İblisler

2.2K 186 4
                                    

    Havanın kokusu, içtiği suyun tadı, hatta insanlar bile tuhaf geliyordu. Orada toplasan on gün bile kalmamıştı ama yine de burası ona artık yabancıydı. Buraya ait hissetmiyordu. Bu his yeni değildi, daha önceleri, yeraltı krallığına gitmeden önceki zamanlarda da vardı bu his ama şimdi çok yoğundu.

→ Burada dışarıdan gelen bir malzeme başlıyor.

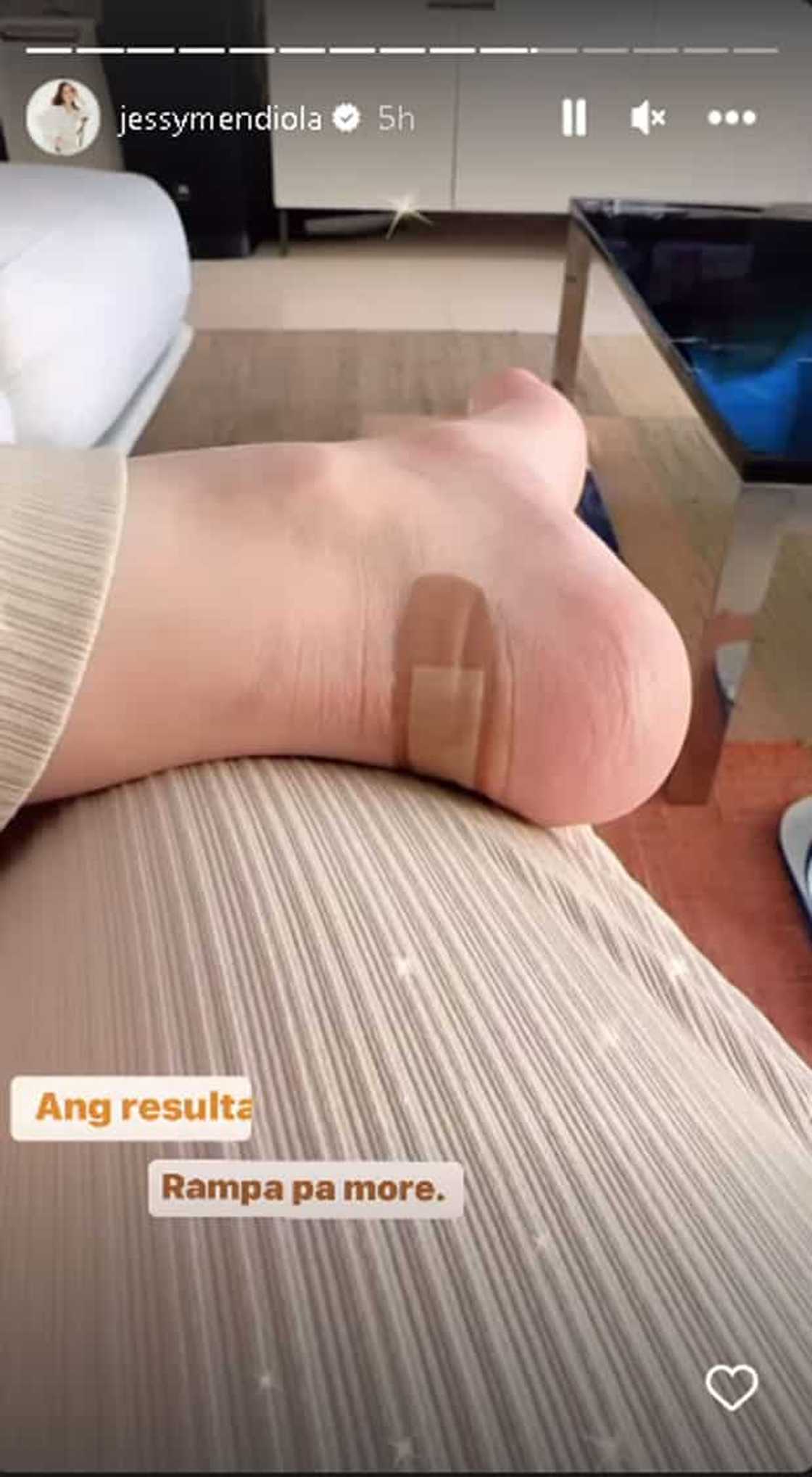 Jessy Mendiola Jessy Mendiola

   Komik geldi bir an için ve güldü. Daha geleli bir gün olmuştu ama aklından geçenler bunlardı işte. O gece tek bir saniyeyi uyumadan geçirdi Soraya. Sabah erkenden çıktı evden. Kahvaltıyı o günkü gibi tatlı bir çörek ve kahve alarak yaptı. Tadı asla yerin altındaki gibi değildi. Tatlı ama bir o kadarda yavan çöreği masaya attı.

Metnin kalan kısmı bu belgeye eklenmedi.